The Data Protection Act 2018 has broadly been described as a positive re-inforcement of the data rights of individuals, including workers. This is a fair summary but it is not a completely positive development in that the Act has actually curtailed the rights of an worker to see what their employers and former employers have written about them and provides cover for unscrupulous employers to evade their accountability for discriminatory conduct.

Before explaining why it is helpful to recap on how one category of victimisation claim presents itself, by means of a hypothetical scenario. A worker has been subject to discriminatory behaviour by an employer, perhaps complaining about how a colleague sexually harassed them. After the employer conducts and whitewashes an internal investigation the worker resigns in disgust at the employer’s failure to confront endemic sexual harassment in their organisation. The worker is not however keen to pursue a sexual harassment case and just ones a fresh start at a new employer.

She applies for many positions, for which she is well qualified, but despite performing well at interview is never offered a job. She suspects that her former employer has provided an unfair reference, perhaps alleging performance or misconduct issues that have put off potential employers in retaliation at her for having made a complaint of sexual harassment. In fact, that is precisely what the former employer was done.

Under the old Data Protection Act (1998) if this worker made a subject access request for a copy of any references the former employer could (I think unreasonably) refuse to provide these but this get out did not apply to the employer’s a worker made an application to so that a copy of the reference and the retaliatory negative reference could be obtained. With that evidence in hand the worker’s suspicion of unlawful and discriminatory victimisation has a solid basis in evidence and she can be more comfortable that she has a good case of victimisation against her former employer under the Equality Act 2010.

However, under the Data Protection Act 2018 – paragraph 24 of Schedule 2 to be precise – both former and prospective employers are explicitly told they can refuse to provide a worker a copy of a confidential employment reference without any other proportionality considerations needing to be considered. So now a worker who thinks their former employer has unlawfully discriminated against them by providing an inaccurate and vindictive reference to a former employer on the basis of that employee having had the temerity to challenge for employer about how it discriminated its staff finds themselves hamstrung.

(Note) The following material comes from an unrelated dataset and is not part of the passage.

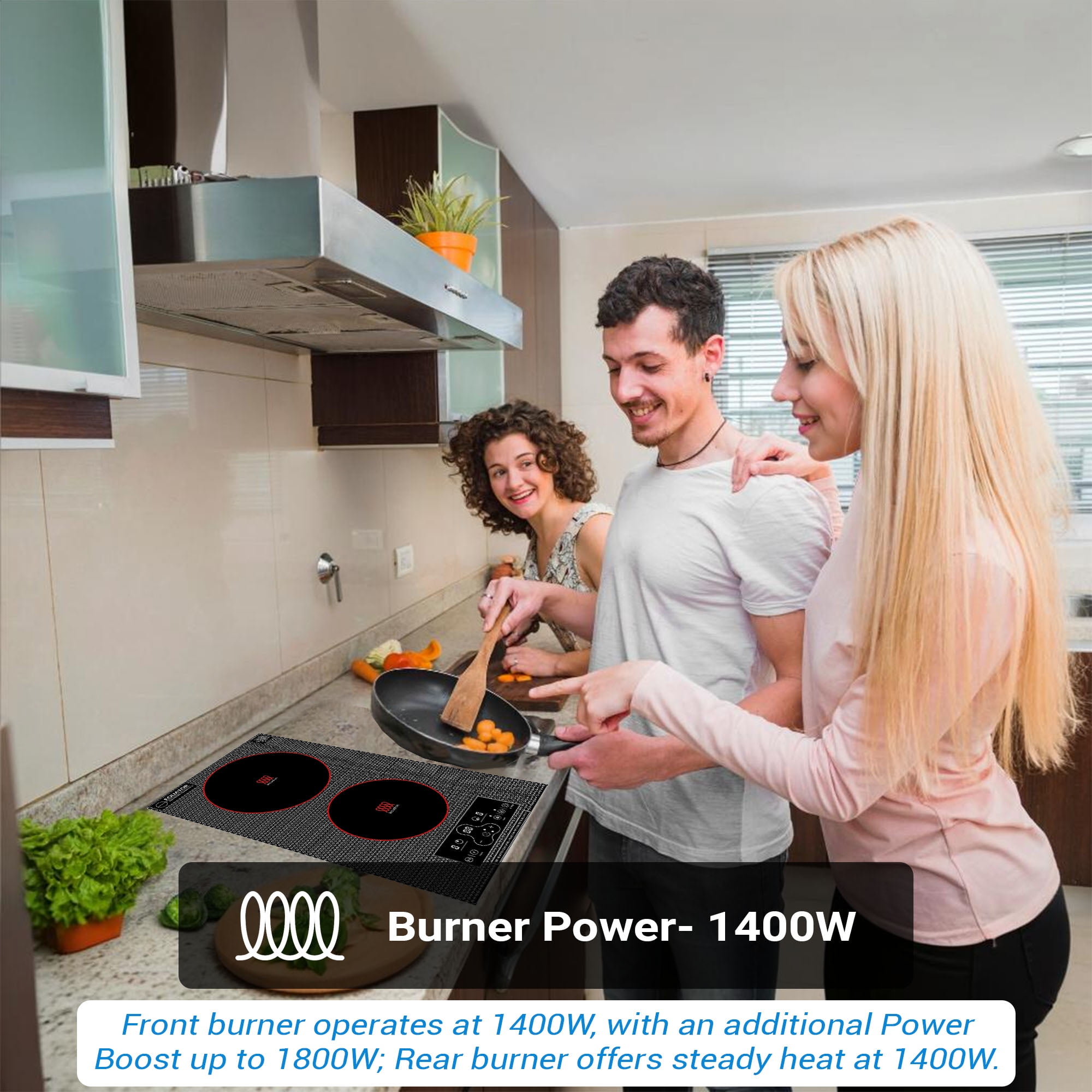Equator 12-Inch Built-in or Freestanding Vertical 2-Burner Induction Cooktop, 110V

While they can of course still claim discrimination they will be much less likely to be confident bringing such a claim when their only evidence is their gut feeling that something is amiss which will inevitably mean good cases are not brought and bad employers will evade scrutiny. For workers subject to post-employment victimisation from former employers at least the Data Protection Act’s plaudits of advancing employee’s data protection acts ring hollow.

To date there has been no reported decisions (that I have been able to find) on the compatibility of  the reference caveat to subject access requests with human rights or the GDPR itself. Hopefully the harshness will in due course be mitigated or Parliament will see sense and repeal paragraph 24 of Schedule 2 of the DPA 2018.